Seeding rate units, PLS, and seed size
How to move between pounds per acre, kilograms per hectare, and seeds per acre, and why pure live seed and seed size change the pounds you buy.
Pounds per acre versus kilograms per hectare
Most North American seed tags and drill charts use pounds per acre, while many agronomy references and imported seed use kilograms per hectare. The two are not interchangeable without a conversion, because both the weight and the area units differ. One kilogram per hectare is roughly 0.892 pounds per acre, so a 20 kg per hectare cover crop rate lands near 17.8 pounds per acre. Convert to pounds per acre before entering a rate here so the total matches the acres you are actually planting.
Weight rate versus seeds per acre
A weight rate in pounds per acre is easy to weigh and calibrate, but it hides how many plants you are really sowing, because seed size varies. A seeds per acre target is more precise for stand goals, and you convert between the two using seeds per pound from the tag. Divide your seeds per acre goal by seeds per pound to get pounds per acre. For example, a target of 150,000 seeds per acre with 3,000 seeds per pound works out to 50 pounds per acre.
Pure live seed and why bulk pounds differ
Pure live seed, or PLS, is the fraction of a bag that is both pure and viable, calculated as purity times germination. A lot that is 95 percent pure with 85 percent germination is about 81 percent PLS, so only four fifths of the weight becomes potential plants. Forage and cover crop rates are often quoted in PLS pounds, which means you must buy more bulk pounds to hit the target. Divide the PLS rate by the PLS fraction to get the bulk rate, then enter that larger number as your rate.

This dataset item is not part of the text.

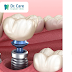 Các phương pháp phục hình răng phổ biến hiện nay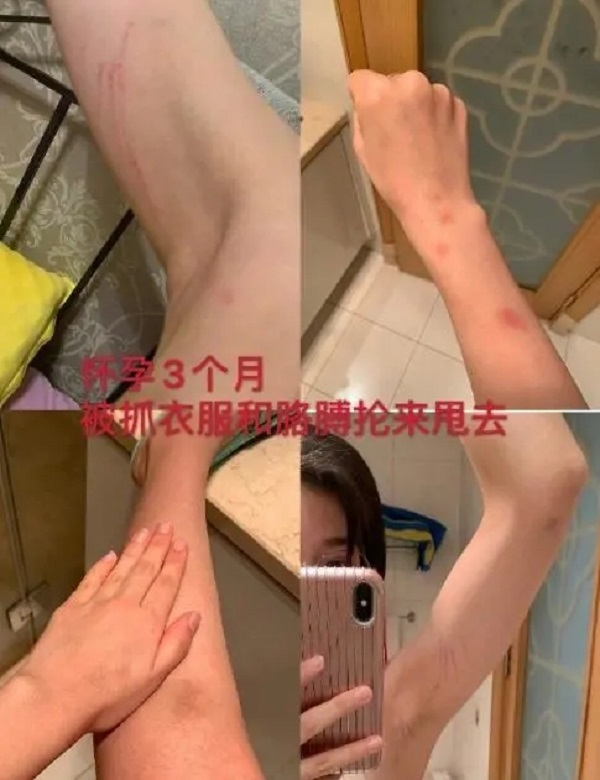 张培萌妻子谈产后第17天被家暴 张培萌打妻子视频曝光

Calibrate the drill, do not just trust the chart
The pounds this tool reports tell you how much to buy and roughly how much to load, but the drill still needs calibration. Seed size, coatings, treatments, and humidity all shift how a metering unit flows, so a chart setting can be off by a tenth or more. Catch the seed from a known distance or number of turns, weigh it, and adjust until the measured rate matches your target. Doing this once per lot keeps your real stand close to the plan the total pounds assume.